2-3 ms longer (in Shotcut)
Shotcut has frame precision, and the timecode displays’ last field is in frame units: hours:minutes:seconds:frames. I think you are seeing 2 or 3 frames, which is going to be many more milliseconds. The next version of Shotcut has a configurable time display that has an option to show milliseconds, but it does not change the fundamental frame level-of-precision.
In any case, let’s look at an example. I have a test.mp4
with a NTSC 30000/1001 ~= 29.97.0030 fps. It has a duration of 00:02:27;27 in Shotcut’s Properties. The frame counter is 0-based; so, there are 28 frames after the last full second. 28f * 1000.0 ms/s * 30000/1001 f/s ~= 934.27 ms.
Now, if I run Properties > menu > More Information I can see that each stream/track in the multiplexed file has a unique duration:
video duration=0:02:27.914433
audio duration=0:02:27.925000
Why are they different? I suspect it may have something to do with the fact that AAC audio codec has 1024 samples in each of its packets of data. To make matters more interesting, this is not variable frame rate, and at this frame rate, 27 frames after the last full seconds is ~= 900.9 ms. Yet, both of the above durations are somewhere in between these two frames. I do not know why that is for the video stream (start_time=0
); that is deep within the FFmpeg libraries and depends on codec.

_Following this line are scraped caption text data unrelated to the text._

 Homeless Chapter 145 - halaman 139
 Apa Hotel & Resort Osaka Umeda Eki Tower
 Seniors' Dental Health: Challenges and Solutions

Which duration will Shotcut use? Neither. Actually, if you scroll down further in More Information, there is a [format]
section that represents the multiplex container:
duration=0:02:27.925000
MLT (and thereby Shotcut) uses the format duration, and converts it to a rounded frame count at the Video Mode frame rate.

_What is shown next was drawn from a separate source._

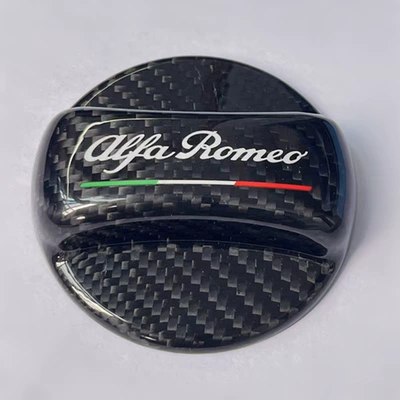 Other Car Modifications – fiber fuel tank cap suitable for - alpha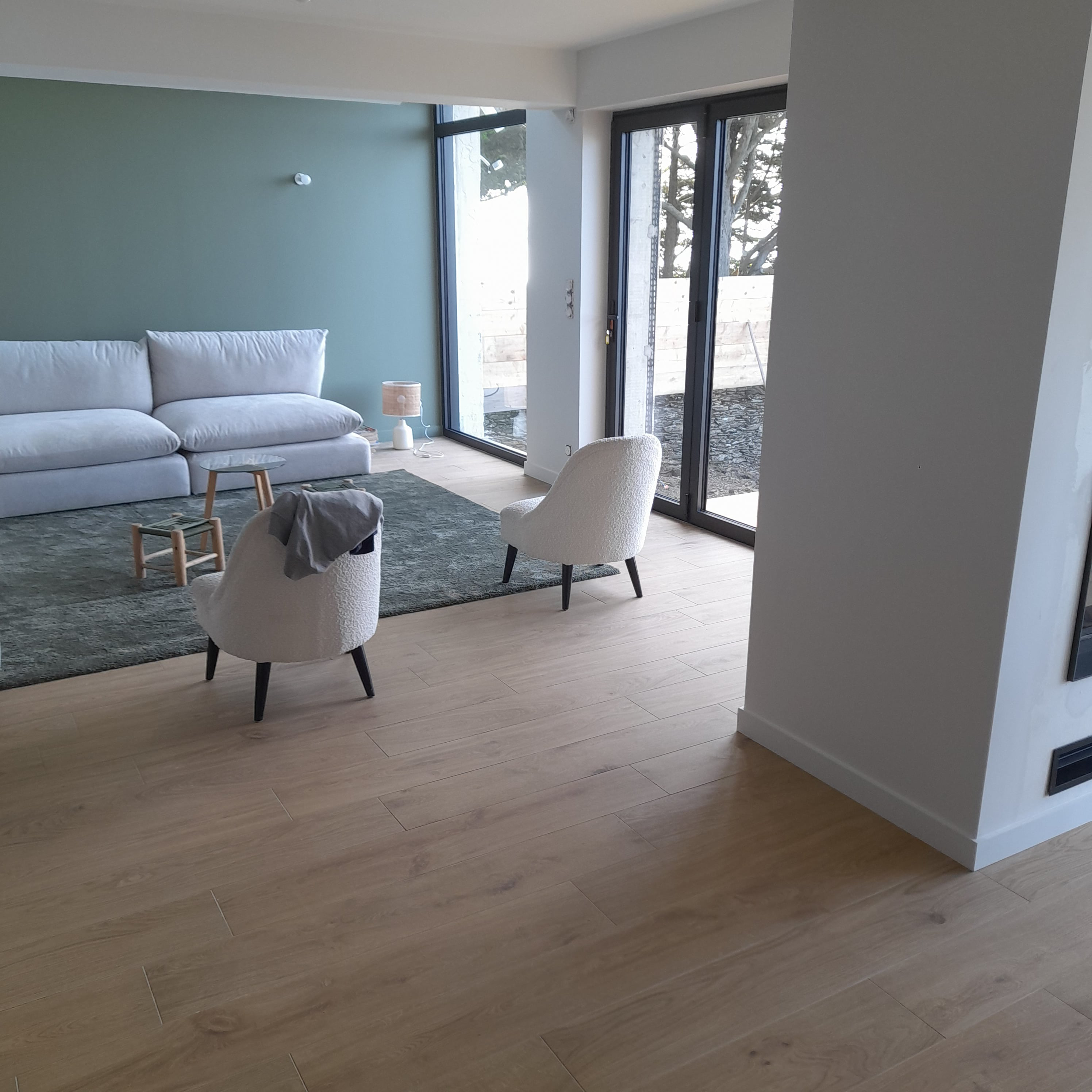 Création Arthelys — Lames Imitation Parquet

Now, I export using the MJPEG preset (PCM audio), open the result, and Properties gives me a duration of 00:02:27;27 (same).
Next, I change Export > Audio > Codec to libmp3lame and export. This shows a duration of 00:02:27;29 in Properties! More Information shows the audio stream duration=0:02:27.984. So, this is due to using the MP3 audio codec. MP3 uses 1152 samples per packet. But also, the encoder has something called codec delay, which means when you initially send some number of samples in, you do not immediately get the same number of compressed samples out. The output is delayed by a certain number of samples on the magnitude of a few packets. Thus, at the end of the export, MLT must drain the encoder to get all of the data, and this might be a factor.